I have two 120Ah batteries.
I would think your fridge should use less than 70Wx24hr = 1680W (140AH) - ie: should cycle on & off under thermostat - perhaps you could advise the Waeco Model for the gurus on here to give you their estimation of its 24hr useage.
A couple of comments on solar panels from my experience. Big standard panels may not be best in mobile use and risk cracking the glass front panel. So smaller ones are better for that and also for the problem of shading which occures on a van or MH. A small shaded area on a panel can reduce the output down to nil, so if you have many panels it is better for random shade which you get camping as the sun travels over the sky. Best solar is on that treeless plane, worst camping spot
You should look further on ebay but these look alright to match up with your existing panels. https://www.ebay.com.au/itm/12V-Solar-Panel-150W-Monocrystalline-Caravan-Boat-Camping-Battery-Power-Charge/332515586409?epid=22012787390&hash=item4d6b793169:g:3YEAAOSwlxRaelE~
4 of them will be 600W nominal plus your 246W of existing panels.WOW 846 Watts nominal for only $490.20 delivered (with the special discount). Look for the VMP (Max Power Voltage) of around 17-18Volts to match the other ones, close enough.
AS said already perhaps the gain from a MPPT regulator/controller may not be worth the extra cost. Buy a quality PWM one instead. I use a MPPT reg but I also have a PWM that I use too for other things. While it is true that series panels into a MPPT reg can get some power under bad conditions when the lower voltage from the same parallel panels is not enough to charge, in practice the power available is very low anyway and the losses may use it up. The MPPT advantage comes with different configurations but is not as great as some claim.

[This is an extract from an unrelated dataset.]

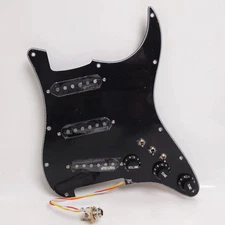Guitar Prewired Loaded Pickguard Coil Splitting Single Coil Pickups for Fender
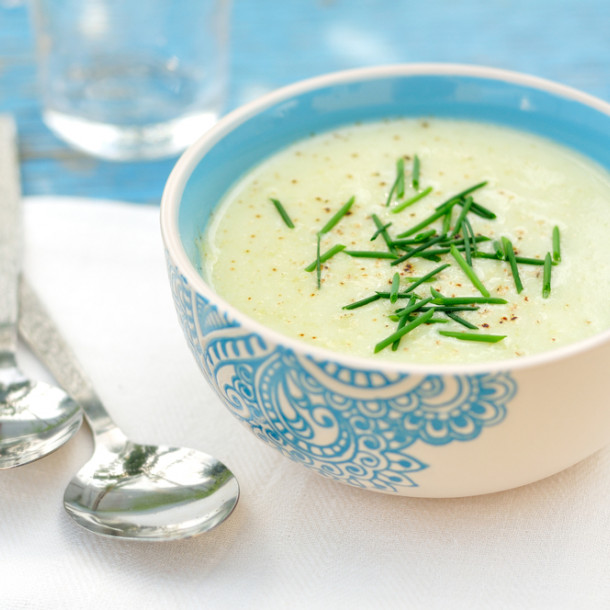 Purée concombre bébé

My suggestion is to measure your roof and the vents, A/C, pipes, etc, positions and draw a sketch. Then see where the panels will fit on there and what way they need to be positioned. Then you can look for suitable shaped panels of suitable size if the space is tight. If the VMP is approximately the same you do not have to match them exactly in other ways including the watts. They will work together OK.
If you want to travel a lot then do not forget the tug has a powerful charger on the motor. Modern vehicles need more hardware to work OK so consider that as you go.
Jaahn
-- Edited by Jaahn on Tuesday 13th of February 2018 10:55:47 PM
HI power audit Fridge 100% duty cycle 70w =divide x 12 = 6 amps at 100% per hr say 66% or 2/3 duty +4amps per hr 4amps x 24 = 100ah
lights 4hrs at 100watts 32 AH
pump 1 hr =8ah
Fridge needs higher margin during very hot weather 80-100% run time
Fridge 100ah light 32ah pump 8ah margin for fridge 30ah
Total 170Ah THIS DOES NOT ALLOW FOR RAINY DAYS
double this is battery size 340ah [ USABLE CAPACITY IS 50 %] Add safety Margin of choice 400ah battery 200ah usable
200watter production is 48ah in 24hr
300watt production is 72 ah in 24hr
The above production is 5.5 PSH only, with 20% loss caused by panel not chasing sun ,wire loss , controller loss. Does not include gain by MPPT function .
200watt per 100-120ah is ideal
SOLAR SIZING SIze to average winter and summer [not including Tazzy] 5.5 Hrs is Peak Sun Hours [sun at 100%] sun out side psh is unreliable
600watt system 33amp + mppt function = 44 amp 3x 120 ah would be a good starting point Projecta 50amp mppt./dc/dc charger
need more accurate consumption by fridge but in reality 2 batteries [240ah ] most likely will not give u enough cloudy day margin
-- Edited by swamp on Tuesday 20th of February 2018 05:17:11 PM
HI power audit Fridge 100% duty cycle 70w =divide x 12 = 6 amps at 100% per hr say 66% or 2/3 duty +4amps per hr 4amps x 24 = 100ah
lights 4hrs at 100watts 32 AH
pump 1 hr =8ah
Fridge needs higher margin during very hot weather 80-100% run time
Fridge 100ah light 32ah pump 8ah margin for fridge 30ah
Total 170Ah THIS DOES NOT ALLOW FOR RAINY DAYS
double this is battery size 340ah [ USABLE CAPACITY IS 50 %] Add safety Margin of choice 400ah battery 200ah usable
200watter production is 48ah in 24hr
300watt production is 72 ah in 24hr
The above production is 5.5 PSH only, with 20% loss caused by panel not chasing sun ,wire loss , controller loss. Does not include gain by MPPT function .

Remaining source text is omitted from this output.